Yes, Joe, you guessed right: we do live on Stadium Rd. at South Beach Marina Townhomes in a fantastic condo facing the lake. We moved from The Beaches where a bus travelled up our street many times a day. That noise/roar/thump of manhole cover was annoying but we got used to it.

Though we anticipated having to tolerate some airport noise when we moved to Stadium Rd. we were pleasantly surpirsed to find that the area was quieter than our old Beach street. The migratory ducks residing here in the summer were a joy to hear. Now, however, with airport activity ramped up considerably, the ducks' congenial cackling is drowned out. The commotion issuing from the airport constantly makes us pine for the bus traffic.

In the late '70s I worked with a group to prohibit jets from ever using the Island Airport. We were certainly aware that we were moving to within 400 yards of TCCA runways but we thought the area was protected from excessive air craft use by the fight we won back in the early '80s. Soon we discovered that a bridge was planned, then, that defeated, we learned that Porter was to take over the airport and move up to 9000,000 passengers a year! So, the view ovewr the airport to the lake became not so idillic and the peace of the quay was shattered along with our intent to spend our last years on a lake in the city beside a bit of urban island wild habitat.

Units at South Beach are certainly up for sale. Many, many are rented, owners having vacated for fresher, quieter places. The unit next to us just sold again for the second time in two years. We're praying that we will find a purchaser for ours -- people or a corporation wishing to locate or own residential space near the airport for travel or work reasons.

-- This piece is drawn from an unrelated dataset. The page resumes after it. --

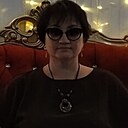 Александра, 50 лет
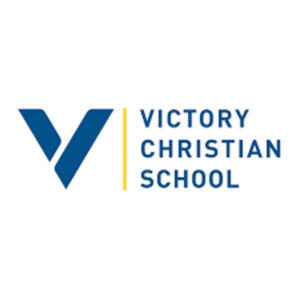 _0002_victory christian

We're just not keen to ingest and inhale aircraft fumes any more; to keep dusting and sweeping to rid our home of the black grit that wafts in through open windows; to be blasted out of bed at 3:50am by maintenance run ups; to go into the bathroom and shut the door in order to have an audible phone conversation while planes land and take of outside our windows; to spend weekends in the summer being petrie dish subjects for tourists flying low over our deck in rented helicopters. We regret that Toronto chose to take this step away from humanizing the waterfront completely, allowing the expansion of an agressivly industrial remnant of the wasteland it used to be before recent revitalization initiatives.

Thanks for your participation in this blog, Joe. I'm glad for your generosity and patience in providing an educational component to the discussions here. My husband and I do not hate planes but we do believe they do not belong in the heart of our downtown parkland.